** Opening Information shown block **
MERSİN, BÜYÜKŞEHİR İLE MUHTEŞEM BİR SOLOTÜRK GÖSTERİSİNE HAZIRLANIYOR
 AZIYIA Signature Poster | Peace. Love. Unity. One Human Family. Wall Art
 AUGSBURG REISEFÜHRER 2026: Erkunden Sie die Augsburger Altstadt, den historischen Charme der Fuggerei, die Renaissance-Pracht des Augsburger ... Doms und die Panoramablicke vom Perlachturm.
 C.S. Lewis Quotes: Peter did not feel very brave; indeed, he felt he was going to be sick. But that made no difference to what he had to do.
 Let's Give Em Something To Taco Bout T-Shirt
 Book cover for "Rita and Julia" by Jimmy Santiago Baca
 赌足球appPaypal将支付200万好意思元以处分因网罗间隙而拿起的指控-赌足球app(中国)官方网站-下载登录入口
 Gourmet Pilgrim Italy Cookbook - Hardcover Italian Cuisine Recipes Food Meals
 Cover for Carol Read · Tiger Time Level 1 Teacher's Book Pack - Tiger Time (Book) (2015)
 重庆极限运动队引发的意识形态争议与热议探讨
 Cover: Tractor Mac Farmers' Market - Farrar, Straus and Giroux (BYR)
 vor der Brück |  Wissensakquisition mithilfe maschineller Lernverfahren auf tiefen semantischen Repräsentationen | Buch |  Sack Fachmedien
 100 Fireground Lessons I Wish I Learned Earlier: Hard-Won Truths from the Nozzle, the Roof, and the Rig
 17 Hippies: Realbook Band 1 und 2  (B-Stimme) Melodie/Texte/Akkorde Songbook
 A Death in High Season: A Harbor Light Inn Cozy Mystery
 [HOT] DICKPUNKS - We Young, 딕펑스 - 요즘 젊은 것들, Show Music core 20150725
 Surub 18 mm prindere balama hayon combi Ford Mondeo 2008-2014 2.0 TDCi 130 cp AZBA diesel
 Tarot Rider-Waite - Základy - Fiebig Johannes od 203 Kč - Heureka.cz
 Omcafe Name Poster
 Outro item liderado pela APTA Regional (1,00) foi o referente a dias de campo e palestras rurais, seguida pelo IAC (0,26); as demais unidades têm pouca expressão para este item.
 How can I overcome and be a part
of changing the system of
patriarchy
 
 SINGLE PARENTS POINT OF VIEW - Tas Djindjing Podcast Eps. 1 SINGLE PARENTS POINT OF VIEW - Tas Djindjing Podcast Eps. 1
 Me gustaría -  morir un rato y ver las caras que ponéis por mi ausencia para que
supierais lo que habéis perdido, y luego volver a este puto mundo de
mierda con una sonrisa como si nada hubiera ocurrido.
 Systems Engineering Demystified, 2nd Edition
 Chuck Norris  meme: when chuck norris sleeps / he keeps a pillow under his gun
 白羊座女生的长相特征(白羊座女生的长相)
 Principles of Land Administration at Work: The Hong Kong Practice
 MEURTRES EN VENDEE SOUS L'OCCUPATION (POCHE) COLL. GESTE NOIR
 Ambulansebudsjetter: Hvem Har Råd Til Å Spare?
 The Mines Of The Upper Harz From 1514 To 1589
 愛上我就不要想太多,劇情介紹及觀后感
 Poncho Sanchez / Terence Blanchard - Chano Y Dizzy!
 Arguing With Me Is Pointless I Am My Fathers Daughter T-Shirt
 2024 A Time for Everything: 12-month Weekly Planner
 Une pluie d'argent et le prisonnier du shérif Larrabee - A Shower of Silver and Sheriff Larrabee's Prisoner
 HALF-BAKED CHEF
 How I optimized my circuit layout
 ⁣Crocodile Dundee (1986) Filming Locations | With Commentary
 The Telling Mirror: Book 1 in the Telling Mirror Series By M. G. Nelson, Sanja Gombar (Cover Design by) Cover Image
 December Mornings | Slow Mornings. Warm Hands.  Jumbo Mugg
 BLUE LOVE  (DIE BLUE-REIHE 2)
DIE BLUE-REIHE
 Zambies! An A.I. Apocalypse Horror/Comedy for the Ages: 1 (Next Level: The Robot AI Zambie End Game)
** Closing Information shown block **
Problem statement = Reproduce without change every line of the entries above, from the one containing "supierais lo que" through the last.

Answer box =
supierais lo que habéis perdido, y luego volver a este puto mundo de
mierda con una sonrisa como si nada hubiera ocurrido.
 Systems Engineering Demystified, 2nd Edition
 Chuck Norris  meme: when chuck norris sleeps / he keeps a pillow under his gun
 白羊座女生的长相特征(白羊座女生的长相)
 Principles of Land Administration at Work: The Hong Kong Practice
 MEURTRES EN VENDEE SOUS L'OCCUPATION (POCHE) COLL. GESTE NOIR
 Ambulansebudsjetter: Hvem Har Råd Til Å Spare?
 The Mines Of The Upper Harz From 1514 To 1589
 愛上我就不要想太多,劇情介紹及觀后感
 Poncho Sanchez / Terence Blanchard - Chano Y Dizzy!
 Arguing With Me Is Pointless I Am My Fathers Daughter T-Shirt
 2024 A Time for Everything: 12-month Weekly Planner
 Une pluie d'argent et le prisonnier du shérif Larrabee - A Shower of Silver and Sheriff Larrabee's Prisoner
 HALF-BAKED CHEF
 How I optimized my circuit layout
 ⁣Crocodile Dundee (1986) Filming Locations | With Commentary
 The Telling Mirror: Book 1 in the Telling Mirror Series By M. G. Nelson, Sanja Gombar (Cover Design by) Cover Image
 December Mornings | Slow Mornings. Warm Hands.  Jumbo Mugg
 BLUE LOVE  (DIE BLUE-REIHE 2)
DIE BLUE-REIHE
 Zambies! An A.I. Apocalypse Horror/Comedy for the Ages: 1 (Next Level: The Robot AI Zambie End Game)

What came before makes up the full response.